Earlier, Juanes and Legend took a tour of the detention center and spoke to detainees inside.

Juanes said in Spanish that he was "heartbroken" by what he saw.

"It's very hard to understand that someone is deprived of their freedom unjustly, and that's why we're here with our music, with our culture, which is the strongest tool to bring attention and give a voice to those who don't have one," he said.

Legend said the immigrants have gone through a great deal of hardship.

"It's life and death for a lot of people, a lot of people that come here, come through a lot of hardship, physically is very difficult to get there, and then every day that you're here as an undocumented immigrant you're in danger of being detained again, having your employer being raided, being separated from your family," he said at a different event Wednesday. "They go through much difficulty here to live the American dream to be able to work and feed their family, but also to live freely."

Maria Gomez, of Phoenix, said the singers' visit will let immigrants know that people care about them.

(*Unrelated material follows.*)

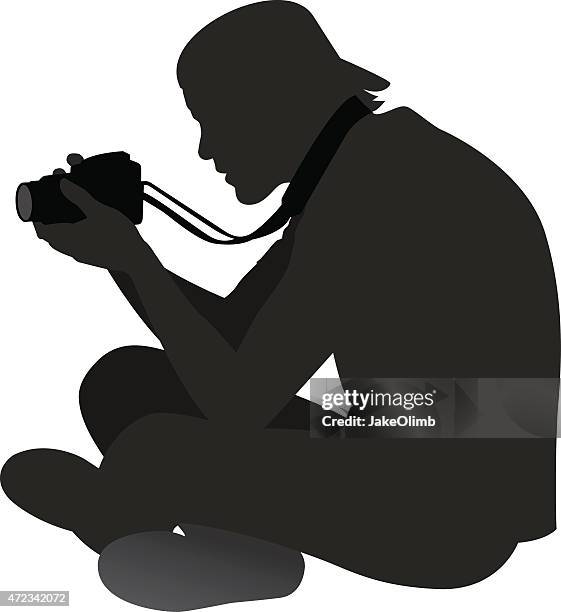 man sitting on ground with camera - dslr camera stock illustrations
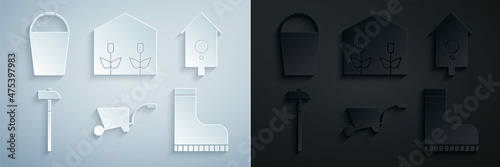 Set Wheelbarrow, Retro wall watch, Hammer, Waterproof rubber boot, Home greenhouse and plants and Bucket icon. Vector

The 16-year-old said her brother and other relatives are being held in Eloy after traveling from Mexico City to Nogales, Arizona, where they sought asylum. Gomez said her family had been victims of kidnappings for ransom.

"It's something very special because not any artist would do this," Gomez said.

Francisca Porchas, of Puente Arizona, which helped organize the event, said her group's goal was for the singers to meet the detainees and families who have been fighting against strict immigration policies and raids. She said she hoped the visit would give detainees hope.

"For them it's something very important that they know they're not forgotten," Porchas said.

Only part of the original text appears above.